Your objective :: Up to and including the line that contains "杭州贷款交流群,让融资不再迷茫,同城互助共解资金难题 杭", return every line from the start of the data, unchanged.

[Input for this task — start]

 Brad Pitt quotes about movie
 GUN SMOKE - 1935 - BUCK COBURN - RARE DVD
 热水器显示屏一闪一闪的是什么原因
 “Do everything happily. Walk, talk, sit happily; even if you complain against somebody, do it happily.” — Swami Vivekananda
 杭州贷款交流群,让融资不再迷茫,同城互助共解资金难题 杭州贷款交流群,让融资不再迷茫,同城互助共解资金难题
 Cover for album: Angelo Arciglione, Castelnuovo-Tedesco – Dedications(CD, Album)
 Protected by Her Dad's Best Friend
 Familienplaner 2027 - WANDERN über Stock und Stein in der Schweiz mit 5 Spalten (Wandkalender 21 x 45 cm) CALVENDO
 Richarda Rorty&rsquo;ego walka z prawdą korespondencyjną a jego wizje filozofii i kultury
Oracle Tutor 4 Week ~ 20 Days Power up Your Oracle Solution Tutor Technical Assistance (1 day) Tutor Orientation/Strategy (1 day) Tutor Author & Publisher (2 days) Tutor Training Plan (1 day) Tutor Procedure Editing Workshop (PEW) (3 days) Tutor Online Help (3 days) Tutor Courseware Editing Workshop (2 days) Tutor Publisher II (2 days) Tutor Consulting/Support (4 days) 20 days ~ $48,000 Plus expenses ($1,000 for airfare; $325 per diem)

[Input for this task — finish]

Finished exercise ::
 Brad Pitt quotes about movie
 GUN SMOKE - 1935 - BUCK COBURN - RARE DVD
 热水器显示屏一闪一闪的是什么原因
 “Do everything happily. Walk, talk, sit happily; even if you complain against somebody, do it happily.” — Swami Vivekananda
 杭州贷款交流群,让融资不再迷茫,同城互助共解资金难题 杭州贷款交流群,让融资不再迷茫,同城互助共解资金难题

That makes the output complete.